§ TASK BRIEF
From the data below, return the exact lines starting at the line containing "Palmetto Cash Express 04" and ending at the line containing "Lord Misery", both included, and nothing else.

§ DATA
*** Block opens ***

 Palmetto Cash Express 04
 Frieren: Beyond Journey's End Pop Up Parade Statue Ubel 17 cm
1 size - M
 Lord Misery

*** Block closes ***
*** Block opens ***

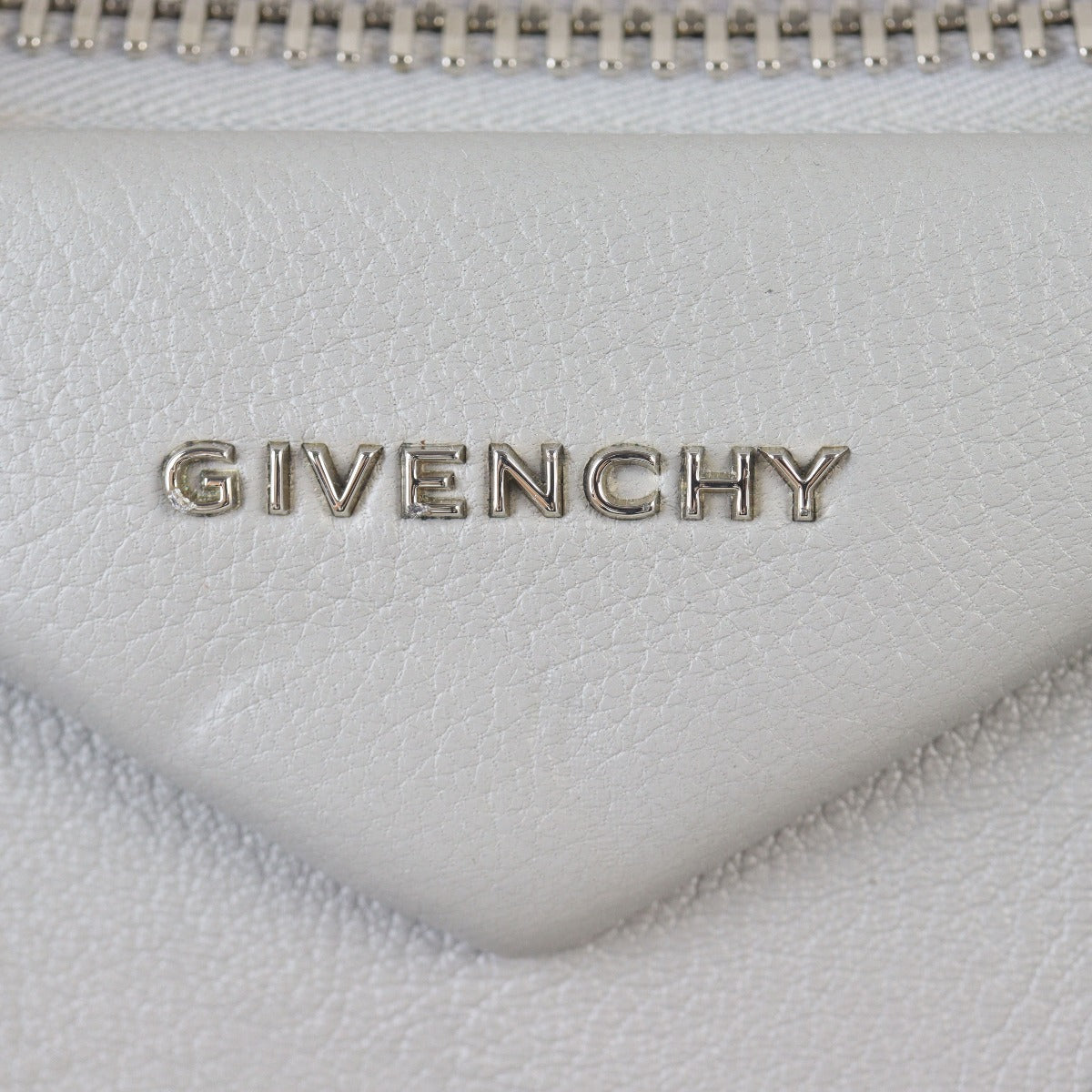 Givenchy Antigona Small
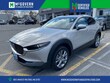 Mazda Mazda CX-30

*** Block closes ***
*** Block opens ***

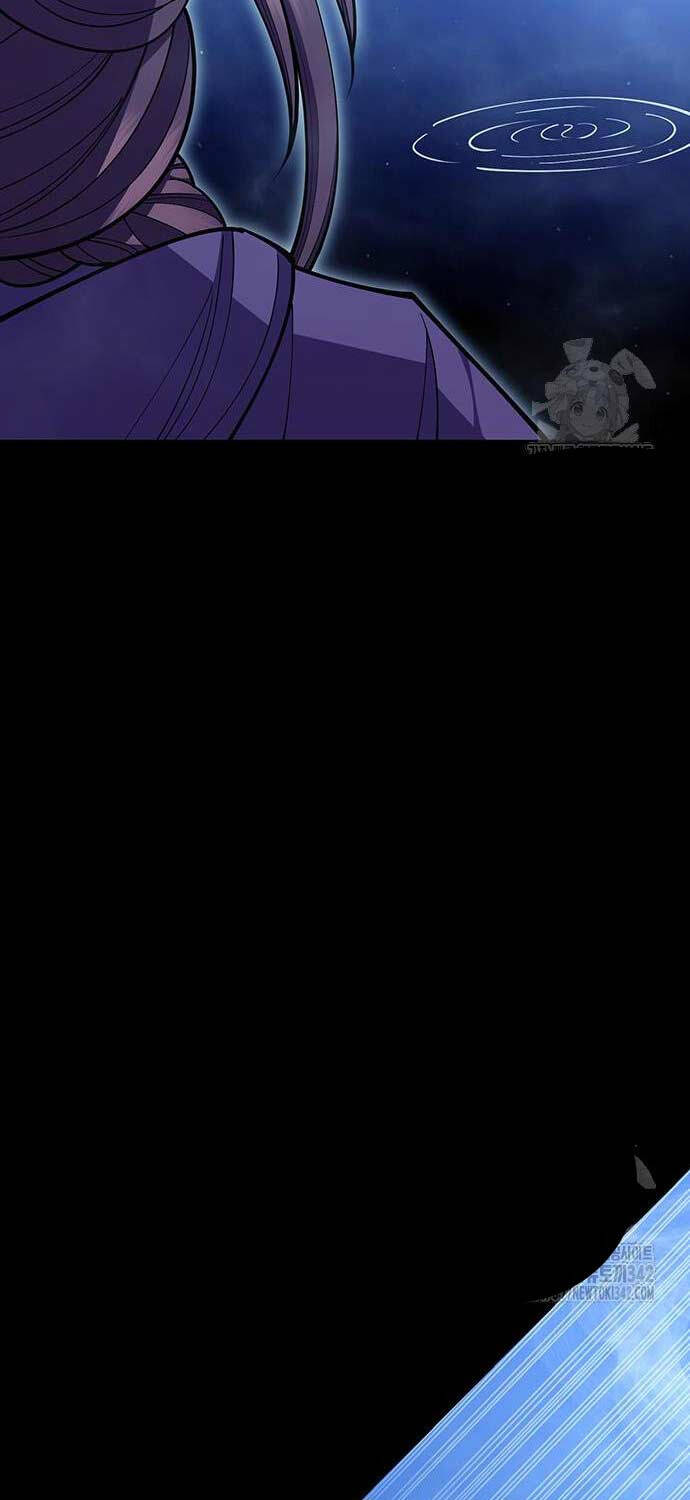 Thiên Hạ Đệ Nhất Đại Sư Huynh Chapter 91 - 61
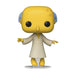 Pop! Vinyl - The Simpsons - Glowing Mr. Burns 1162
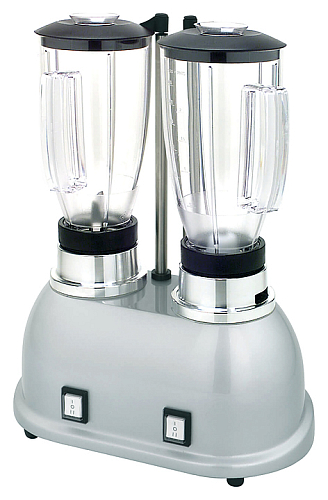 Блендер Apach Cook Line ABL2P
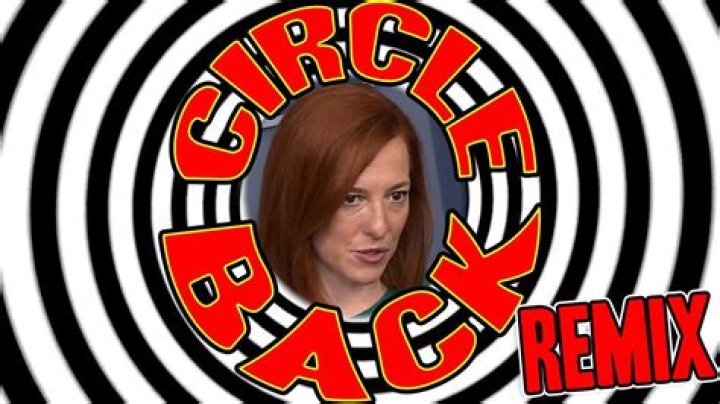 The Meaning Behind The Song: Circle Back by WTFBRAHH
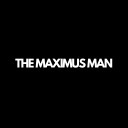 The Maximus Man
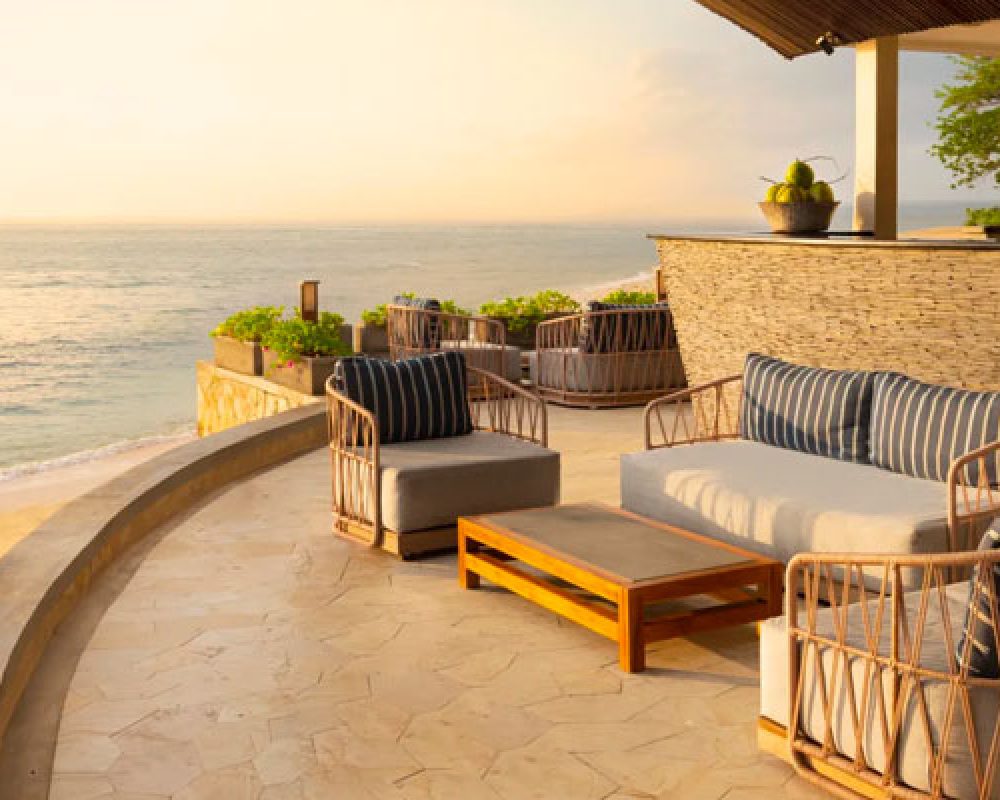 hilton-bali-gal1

*** Block closes ***

§ SOLUTION TO THE EXERCISE
 Palmetto Cash Express 04
 Frieren: Beyond Journey's End Pop Up Parade Statue Ubel 17 cm
1 size - M
 Lord Misery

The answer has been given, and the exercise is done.